I would like to run a script using RStudio's jobs feature.
Here's my script:
library(tidyverse)
library(DBI)
library(scales)
# globals
## kept in global memory and used by all scripts that reference them
game_name <- "fungame"
day_from <- 7 # train from
day_to <- 60 # predict to
source("globals.R") # format the globals based on above inputs
# S3 send loop
dates <- seq(as.Date("2020-01-01"), as.Date("2020-01-31"), by = 1)
for(d in seq_along(dates)) {
# populate S3
cohort_date <- dates[d] %>% toString()
source("predict.R") # will return prediction_df with predictions for the above cohort
source("send_to_s3.R") # send the predictions to s3
}
Error in paste0("spend_day_", day_from) : object 'day_from' not found
Calls: sourceWithProgress ... eval -> source -> withVisible -> eval -> eval -> paste0
Execution halted
I think it's to do with scoping and the fact I'm sourcing files.
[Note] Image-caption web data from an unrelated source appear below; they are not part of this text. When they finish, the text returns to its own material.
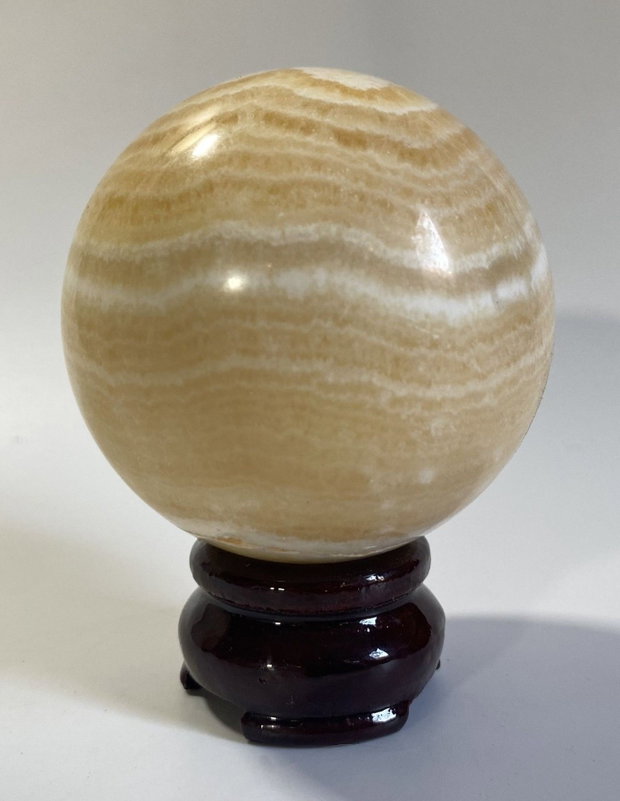 Calcit Galben - Sfera piatra semipretioasa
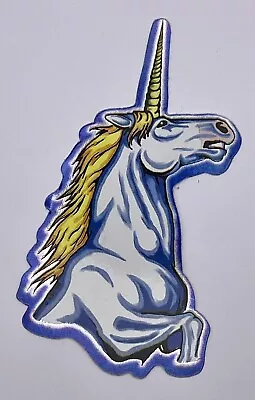 Vintage Unicorn Hologram Sticker 1990s | Vending | Window | New • $3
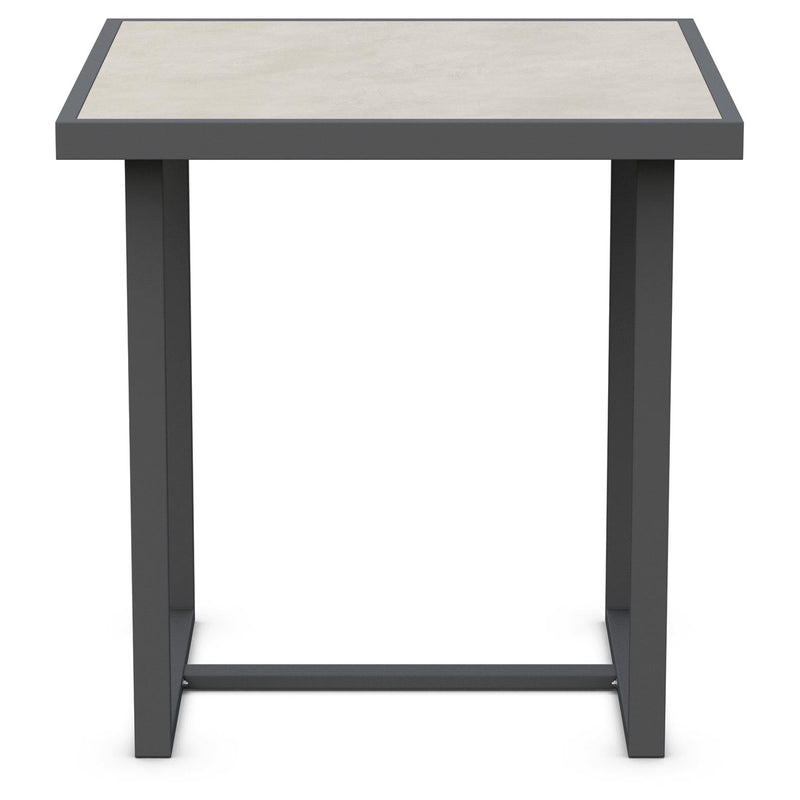 Azzurro Living Pavia Outdoor Pub Table with Dekton Top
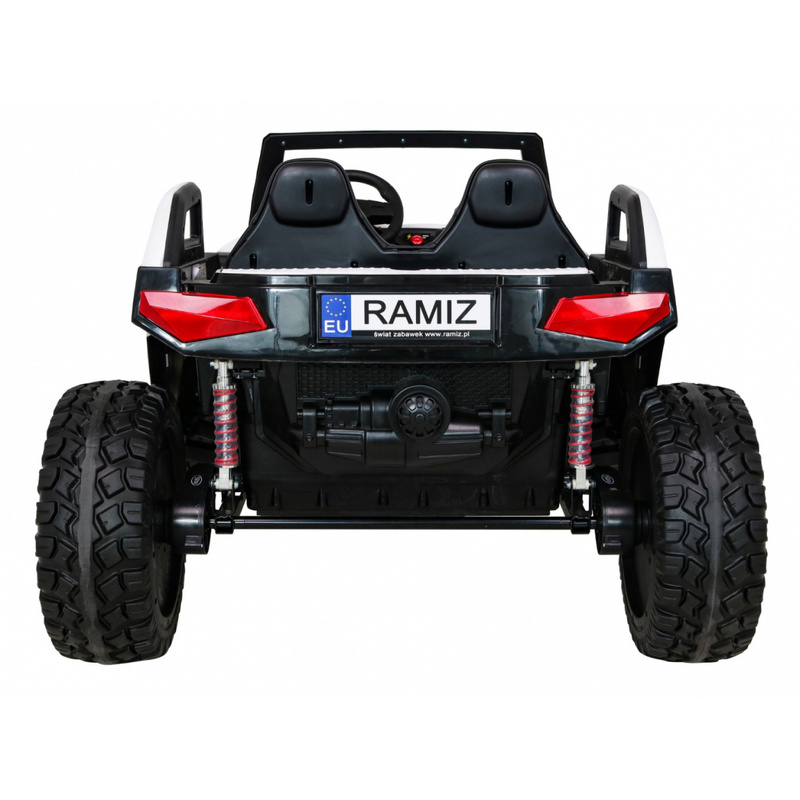 Buggy Clash 4x4 elektriauto, valge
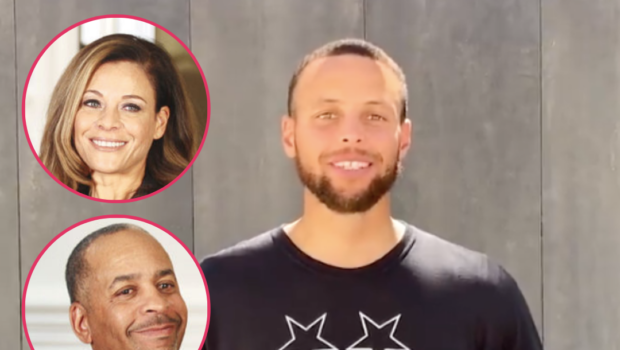 Steph Curry’s Parents Sat In Opposite Sections During His Record-Breaking Night, Dell Curry Seen Chatting Up Former Playboy Playmate Ana Cheri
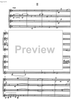 Clarinet quartet - Score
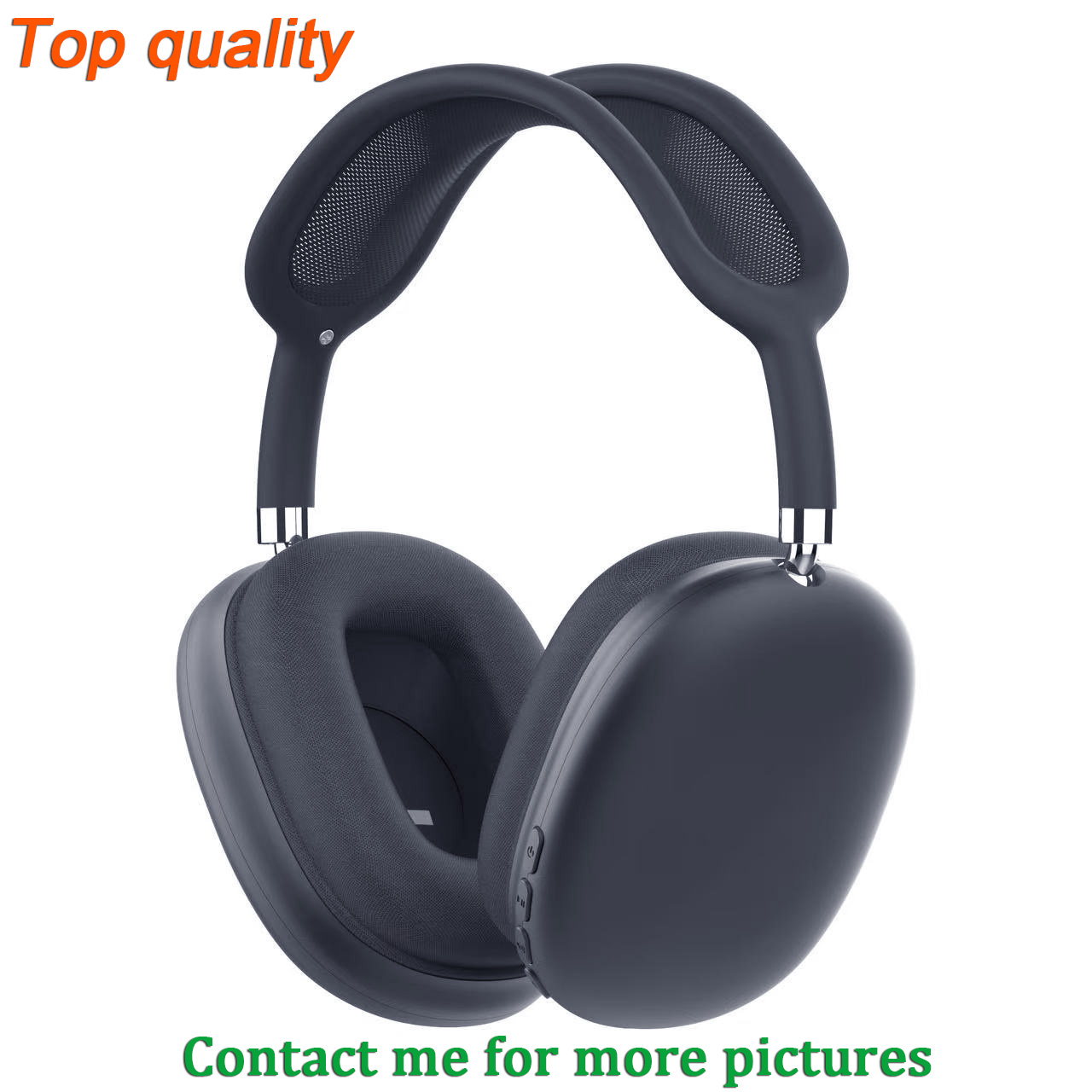 2024 Earbuds Pods Max Pods Pro 3 With ANC USB C Wireless Bluetooth Earphones Pods Pro Max Earphone Handfree Headset 3rd 4th Gen USB-C charging port For Xiaomi iPhone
The code snippet called out in the error message, paste0("spend_day_", day_from)
comes from the top sourced file, globals.R. This script runs when I run it right in the console as opposed to a job.
After some searching I added local = T
to all the scripts that I source and that took me further. Some of the sourced scripts in turn source another script, I added local = T
to those too.
But Now I've hit a wall with he following error:
Error: Unknown column `from_day_7_to_day_60`
<error/rlang_error>
Unknown column `from_day_7_to_day_60`
Backtrace:
█
1. ├─global::sourceWithProgress(...)
2. │ └─base::eval(statements[[idx]], envir = sourceEnv)
3. │ └─base::eval(statements[[idx]], envir = sourceEnv)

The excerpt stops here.